In many countries around the world, much the same will apply as shop tills – especially at confectionaries and florists – produce a veritable cacophony of rings and bleeps as they hope for record sales. The US, where what has been called the commercialisation of Cupid had its origins, will lead the way in terms of messages and gifts delivered and romantic dinners consumed.

But this year will also see a further decline in the very element that started the modern Valentine’s Day celebration: the card. Millions of these will now flit electronically from computer to computer. And not many people involved will bother to think about the implications of this any more than they may know about the origins and history of the
day itself.

But fewer physical cards means less work for printers and for those who supply the materials for such production. There is also less work for postal sorters and deliverers. In the greater scheme of things, this is minor, but it is a reflection of how the march of progress affects jobs.

A slightly more dramatic example came quite soon after the first Valentine’s cards were mass-produced by the daughter of a printer and stationery shop owner in the town of Worcester in the US. In 1847, a young Esther Howland, copying the ornate handmade cards produced in England, began producing cards using an assembly line approach, employing local women.

But it was only a matter of time before the cutting, pasting and folding needed was done by machine. However, Worcester developed into a centre for textile and shoe manufacturing that provided new jobs, until that too succumbed to cheaper, faster imports.

At the time that Howland and her all-female assembly line were producing cards, these had to be posted. This required envelopes, which were also then largely handmade. But a local doctor, perhaps inspired by the success of Howland’s Valentine’s cards, invented an envelope machine.

Dr Russell L Hawes went on to develop a self-feeding device that further reduced the number of workers required.
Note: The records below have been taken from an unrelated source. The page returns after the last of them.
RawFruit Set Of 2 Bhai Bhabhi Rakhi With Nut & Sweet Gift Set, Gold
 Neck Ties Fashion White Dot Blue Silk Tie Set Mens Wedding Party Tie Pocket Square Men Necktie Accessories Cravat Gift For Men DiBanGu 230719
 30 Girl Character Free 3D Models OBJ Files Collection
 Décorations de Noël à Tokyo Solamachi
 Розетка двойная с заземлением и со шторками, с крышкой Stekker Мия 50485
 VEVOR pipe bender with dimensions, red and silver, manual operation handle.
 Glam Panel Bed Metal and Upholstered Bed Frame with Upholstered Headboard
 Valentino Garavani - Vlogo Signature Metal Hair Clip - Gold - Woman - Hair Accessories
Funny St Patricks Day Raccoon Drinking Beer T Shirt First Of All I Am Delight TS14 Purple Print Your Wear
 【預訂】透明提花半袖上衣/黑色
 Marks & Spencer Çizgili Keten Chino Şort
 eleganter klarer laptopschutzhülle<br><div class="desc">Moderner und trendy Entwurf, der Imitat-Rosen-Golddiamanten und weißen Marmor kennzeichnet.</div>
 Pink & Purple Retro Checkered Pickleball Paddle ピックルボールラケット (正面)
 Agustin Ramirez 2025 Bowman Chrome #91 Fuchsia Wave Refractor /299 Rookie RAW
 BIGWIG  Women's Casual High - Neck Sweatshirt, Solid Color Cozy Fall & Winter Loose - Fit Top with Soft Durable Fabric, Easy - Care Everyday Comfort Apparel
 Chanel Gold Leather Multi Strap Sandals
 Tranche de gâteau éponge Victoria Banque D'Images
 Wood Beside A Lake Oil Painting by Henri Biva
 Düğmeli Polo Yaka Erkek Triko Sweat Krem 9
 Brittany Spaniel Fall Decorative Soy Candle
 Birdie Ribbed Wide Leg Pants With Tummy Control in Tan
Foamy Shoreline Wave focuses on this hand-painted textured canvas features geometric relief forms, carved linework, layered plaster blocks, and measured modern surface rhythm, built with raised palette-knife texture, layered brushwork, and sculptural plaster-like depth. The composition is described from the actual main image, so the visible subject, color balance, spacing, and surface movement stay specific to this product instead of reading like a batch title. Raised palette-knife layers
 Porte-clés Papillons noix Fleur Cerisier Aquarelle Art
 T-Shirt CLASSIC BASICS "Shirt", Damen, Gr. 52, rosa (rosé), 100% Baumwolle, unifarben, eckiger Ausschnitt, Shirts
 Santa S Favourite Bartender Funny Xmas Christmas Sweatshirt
Instead of the hundreds of envelopes that one worker could produce in a day, the machine produced more than 10 000.

At the same time in Europe, there was a similar surge of labour-saving inventiveness.

This led radical thinkers such as Karl Marx and Friedrich Engels to postulate that this would lead to “an epidemic that, in all earlier epochs, would have seemed an absurdity — the epidemic of overproduction”. They were right, and it did.

It led to a series of booms and slumps that culminated in the massive extension of credit that played a major role in the current and ongoing economic crisis.

So the history of Valentine’s Day cards provides a glimpse of how technological advances resulted in job shedding, but in days when there were still other jobs to go to.